Dec 18, 2007, 8:37 GMT
Dusseldorf - Queues formed Tuesday outside a high-security court in the German city of Dusseldorf as a Lebanese student went on trial for attempting to detonate bombs on passenger trains that would have caused devastation comparable with similar attacks in Madrid and London.
There were long delays for those entering the court, as police and court officials conducted searches, ordering some to remove their shoes and other items of clothing.
In Beirut, an alleged co-conspirator was scheduled to be sentenced Tuesday at the end of a lengthy trial for the same offence.
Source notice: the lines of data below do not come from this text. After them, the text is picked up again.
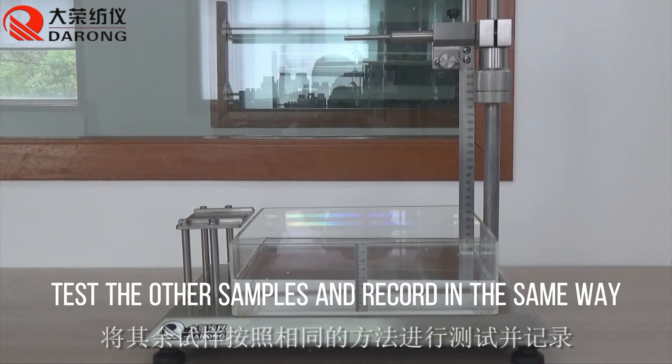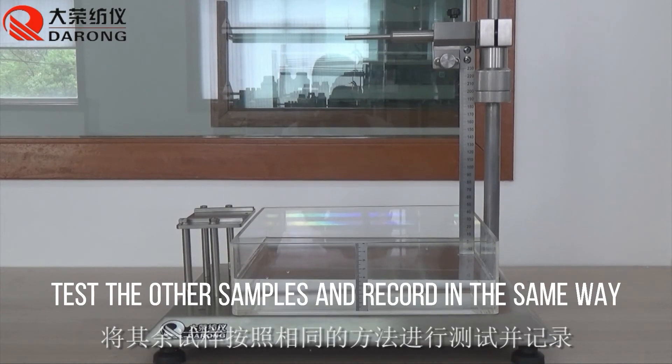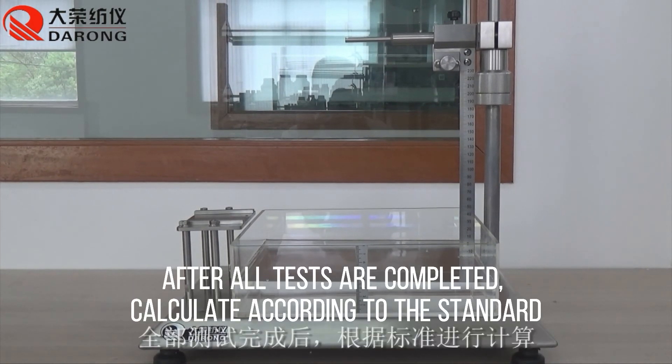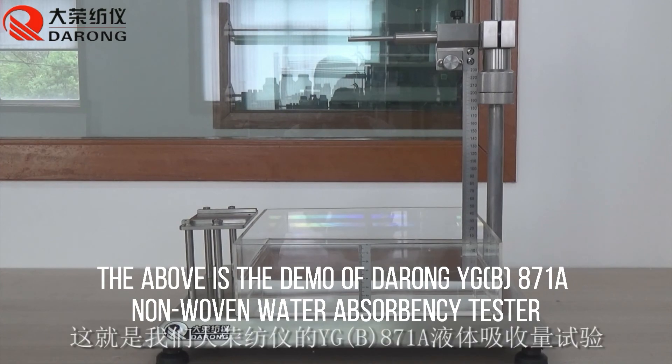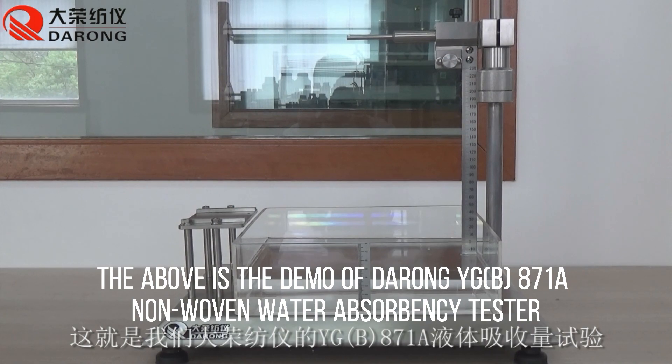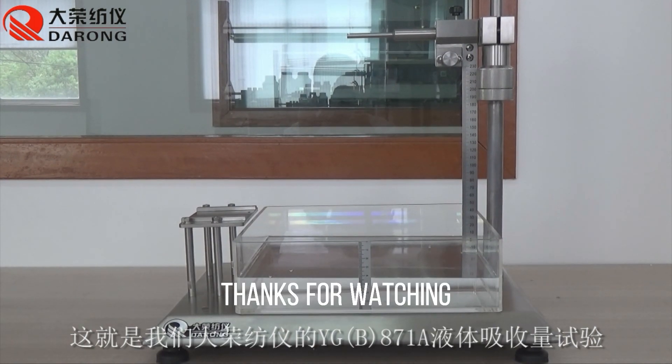Test the other samples and record in the same way. After all tests are completed, calculate according to the standard. This concludes the demo of the Darong YGB-87L non-woven water absorbency tester. Thanks for watching.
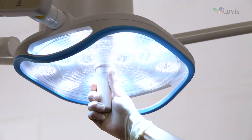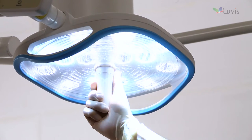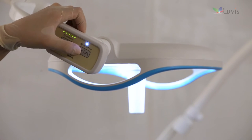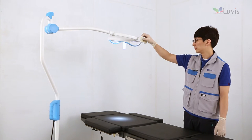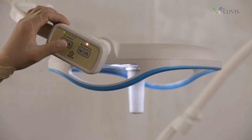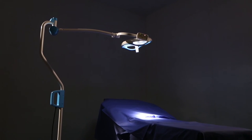Check for any problems with the inspection pattern while turning the focus control knob. Press the up-down control button on the control switch and verify there is no problem with the 3-step color temperature settings. Press the up-down control button again and verify the 5-step illumination settings. Installation is completed.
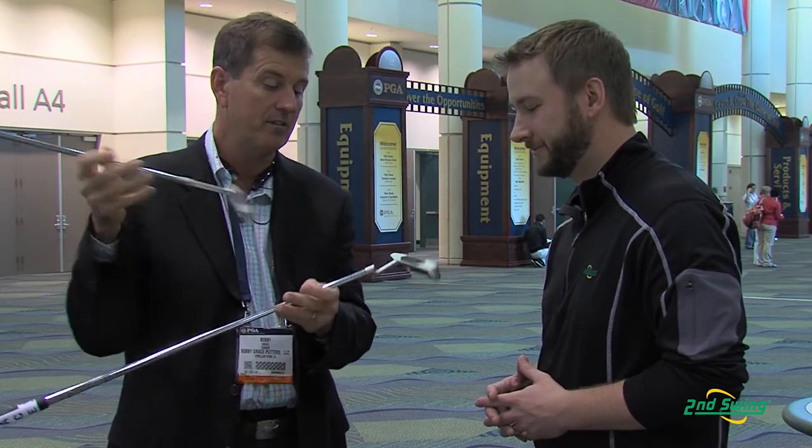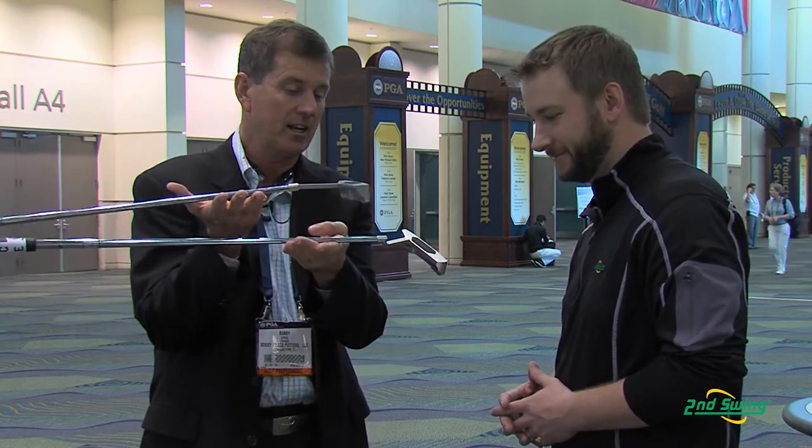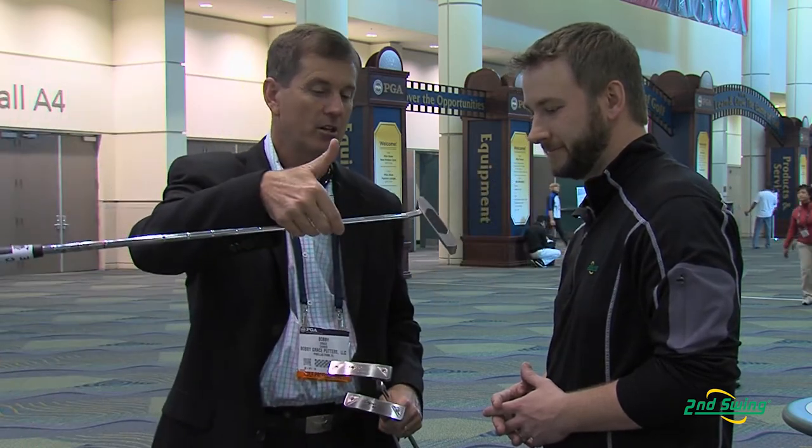Each one of these has a different balance. This long neck slant actually has a face balance. The three diamond has a slight toe fall, and then we have another one that has a good bit of toe fall, so you have all the different balances covered.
The two men allegedly built the bombs using designs they found on the internet, hid them in suitcases and went together to Cologne station in the west of Germany on July 31 last year.
They took trains in opposite directions, left the bombs on board and left the country. Neither bomb exploded, and police say the two Lebanese assembled the devices wrongly.
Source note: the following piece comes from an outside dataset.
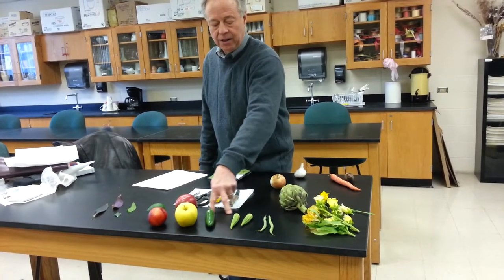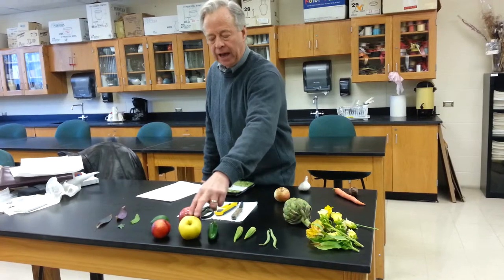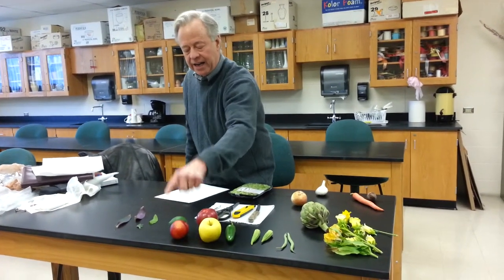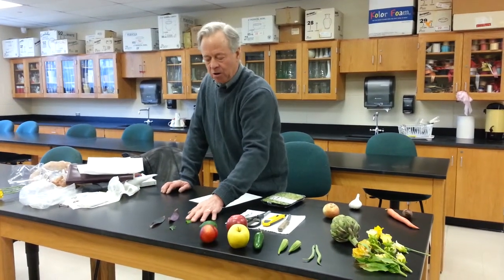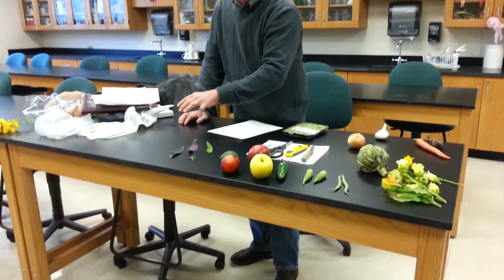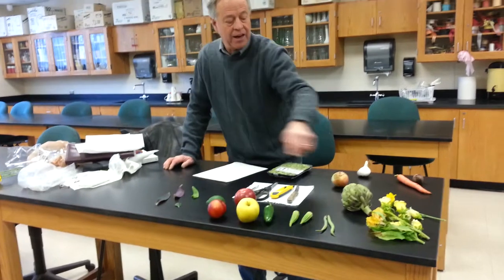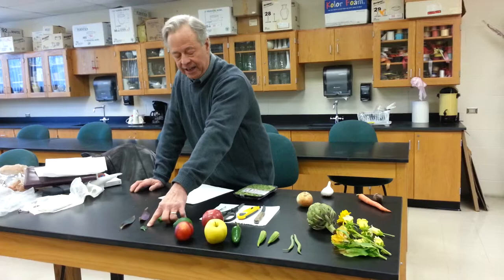We have fruit — which are beans, okra, pepper, apples, a nectarine, and a lime. We also have some leaves. Most of these are from monocots, members of the lily and orchid family. But here we have a leaf that I pulled off of this daisy flower, and that is a dicot leaf.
The defence argues that Youssef Mohamad al-H, 23, made a deliberate mistake. This is contested by the prosecution, which argues that the bombs' construction points to an intent to cause death and serious injury through burns.
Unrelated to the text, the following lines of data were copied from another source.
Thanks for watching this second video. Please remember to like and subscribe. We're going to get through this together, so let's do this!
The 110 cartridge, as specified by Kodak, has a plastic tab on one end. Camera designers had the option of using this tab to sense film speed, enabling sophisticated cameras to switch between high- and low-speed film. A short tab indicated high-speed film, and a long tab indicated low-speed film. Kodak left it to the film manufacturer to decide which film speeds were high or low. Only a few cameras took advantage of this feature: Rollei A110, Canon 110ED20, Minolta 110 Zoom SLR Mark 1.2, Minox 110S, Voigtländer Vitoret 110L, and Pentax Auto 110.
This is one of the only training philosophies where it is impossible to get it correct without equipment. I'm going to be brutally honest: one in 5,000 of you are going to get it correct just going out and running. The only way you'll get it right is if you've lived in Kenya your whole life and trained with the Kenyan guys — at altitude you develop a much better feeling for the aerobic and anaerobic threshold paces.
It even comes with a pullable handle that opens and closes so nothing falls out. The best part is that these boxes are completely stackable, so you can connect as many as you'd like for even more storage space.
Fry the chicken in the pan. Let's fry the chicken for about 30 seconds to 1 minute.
Al-H is accused of multiple attempted murders, but not of terrorist conspiracy, as German law requires at least three conspirators.
Earlier allegations that a shadowy Islamist terrorist group commissioned the attack have not shown up in the indictment. Prosecutors accept it is possible the pair were fanatical freelancers inspired by Islamist ideology.
Al-H is expected neither to admit to the charges nor to testify.
His alleged accomplice, Jihad Hamad, 22, was tried in Beirut along with three others because there is no treaty under which Lebanon could extradite him to Germany. He has appealed for mercy from the court and a mild sentence.
Ottmar Breidling, one of Germany's leading trial judges dealing with Islamist conspiracies, is presiding at the German trial, expected to continue in a fortress-like court in the city of Dusseldorf until well into 2008.
The Beirut findings will have little influence on the German court.
Prosecutors will lead evidence the two young Lebanese being educated in Germany were angry at the publication early in 2006 in Danish and German newspapers of cartoons mocking the Prophet Mohammed.
Commuter trains were bombed by Islamist extremists in Madrid in March 2004, claiming 191 lives. The London attacks in July the next year caused 52 deaths, apart from the four suicide bombers.